Fixed Solution 2 (Correct Median Calculation)

class Solution {
public:
    vector<double> medianSlidingWindow(vector<int>& nums, int k) {
        vector<double> medians;
        multiset<int> window(nums.begin(), nums.begin() + k);
        auto mid = next(window.begin(), k / 2);
        
        for (int i = k;; i++) {
            // Calculate median
            if (k % 2 == 1) {
                medians.push_back(*mid);
            } else {
                medians.push_back(((double)(*mid) + *prev(mid)) * 0.5);
            }
            
            if (i == nums.size())
                break;
            
            // Insert new element
            window.insert(nums[i]);
            if (nums[i] < *mid)
                mid--;
            
            // Remove element leaving window
            if (nums[i - k] <= *mid)
                mid++;
            
            window.erase(window.lower_bound(nums[i - k]));
        }
        
        return medians;
    }
};

Pattern Recognition

This problem demonstrates the Two-Heaps/Multisets Pattern:

  • Maintain two balanced collections (heaps or multisets)
  • One contains smaller half, other contains larger half
  • Median is easily accessible from the boundaries
  • Balance maintained after each insertion/deletion

Key Insight:

  • For median in sliding window, we need to:
    1. Maintain sorted order
    2. Efficiently add/remove elements
    3. Quickly access middle element(s)

Applications:

  • Finding median in data streams
  • Sliding window statistics
  • Order statistics in dynamic sets

Optimization Tips

Solution 1: Pre-allocate Result

vector<double> res;
res.reserve(nums.size() - k + 1);  // Pre-allocate space

Solution 2: Early Exit

if (k == 1) {
    return vector<double>(nums.begin(), nums.end());
}

Memory Optimization

Both solutions are already space-optimal. For very large k, consider using two priority queues instead of multisets (but then deletion becomes O(k) instead of O(log k)).

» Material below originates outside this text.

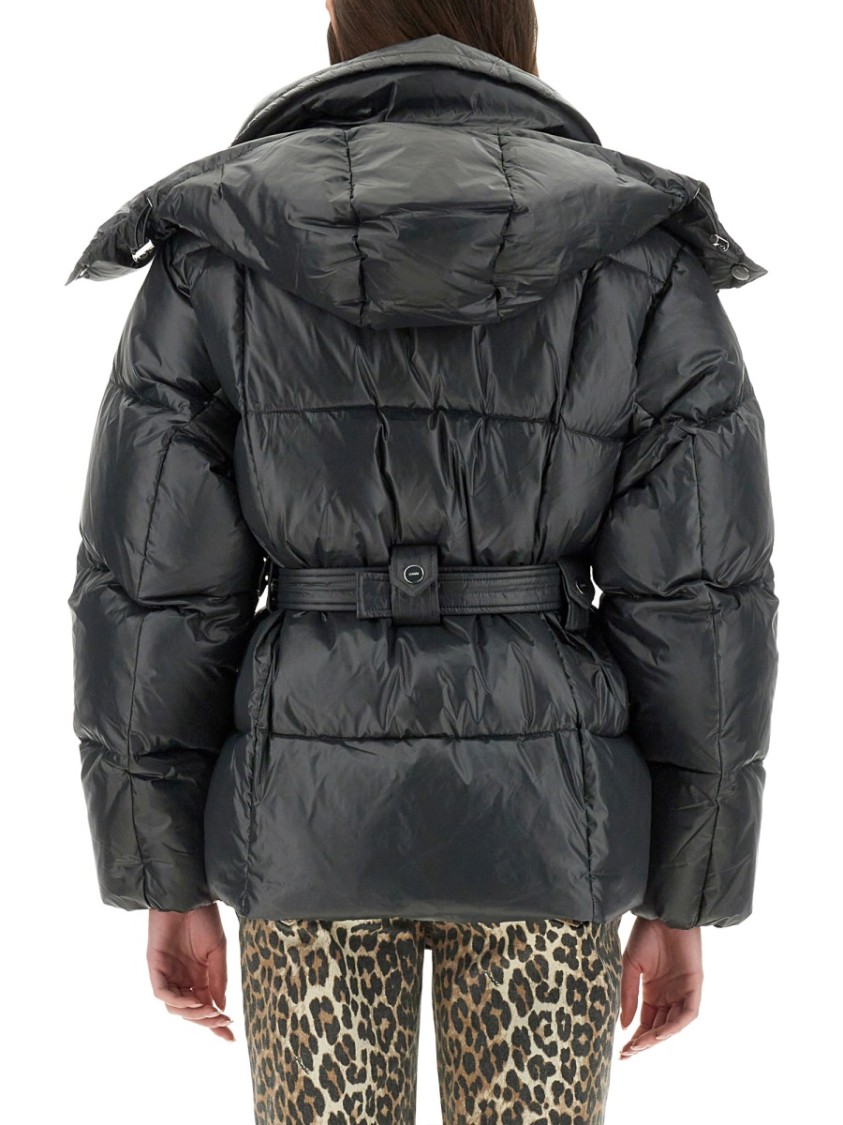 Ganni Black Shiny Nylon Puffer Jacket In Black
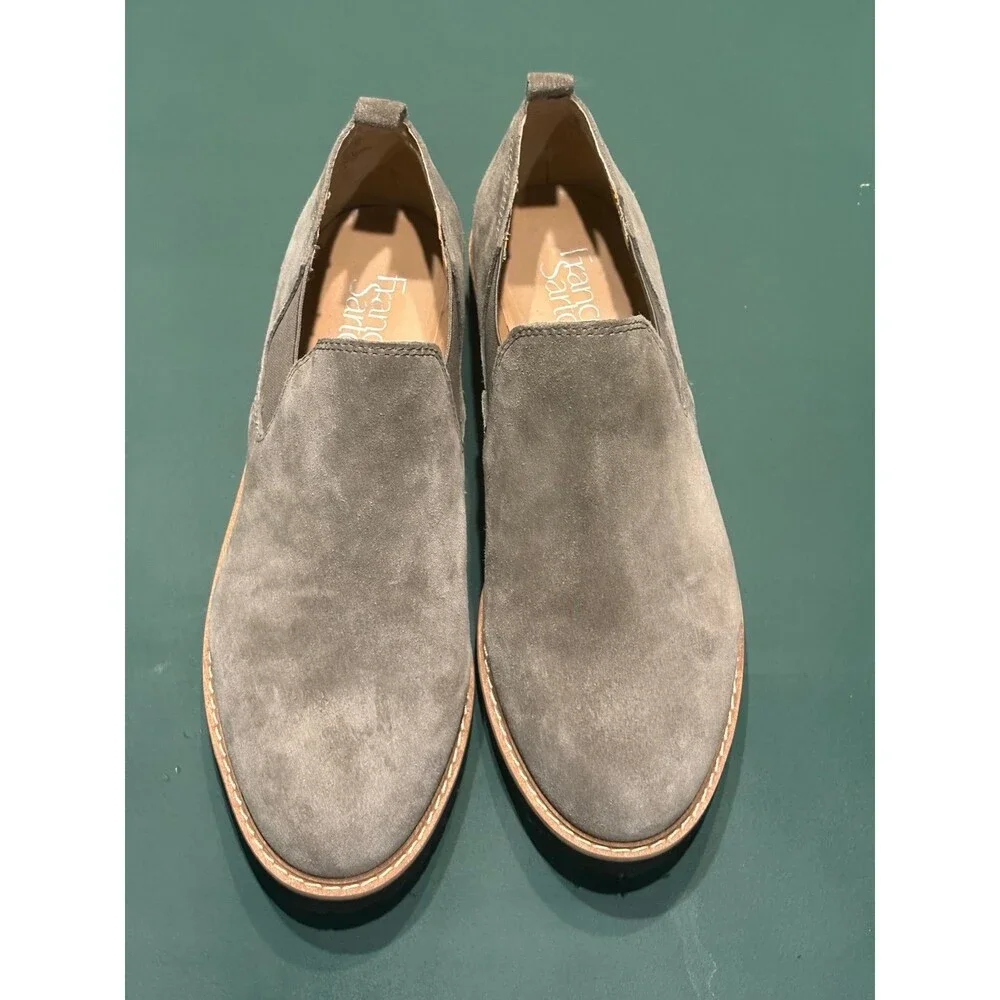 Franco Sarto Cole Women's 9M Grey Suede Ankle Booties Lug Slip On Shoes NWOT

Why Multiset Instead of Priority Queue?

Priority Queue (Heap):

  • ✅ Fast insertion: O(log n)
  • ❌ Slow deletion: O(n) - need to find and remove specific element
  • ❌ Can’t iterate - can’t access arbitrary elements

Multiset:

  • ✅ Fast insertion: O(log n)
  • ✅ Fast deletion: O(log n) - can find and remove specific element
  • ✅ Can iterate - can access any element via iterator
  • ✅ Maintains sorted order

For sliding window median, we need to remove specific elements, so multiset is the right choice.

Code Quality Notes

  1. Solution 1: More readable and maintainable
  2. Solution 2: More compact but requires careful iterator handling
  3. Error Handling: Both handle edge cases properly
  4. Performance: Both achieve optimal O(n log k) time complexity

This problem extends the sliding window pattern to find median instead of maximum. The two-heaps pattern (implemented with multisets) is essential for efficiently maintaining order statistics in dynamic sets.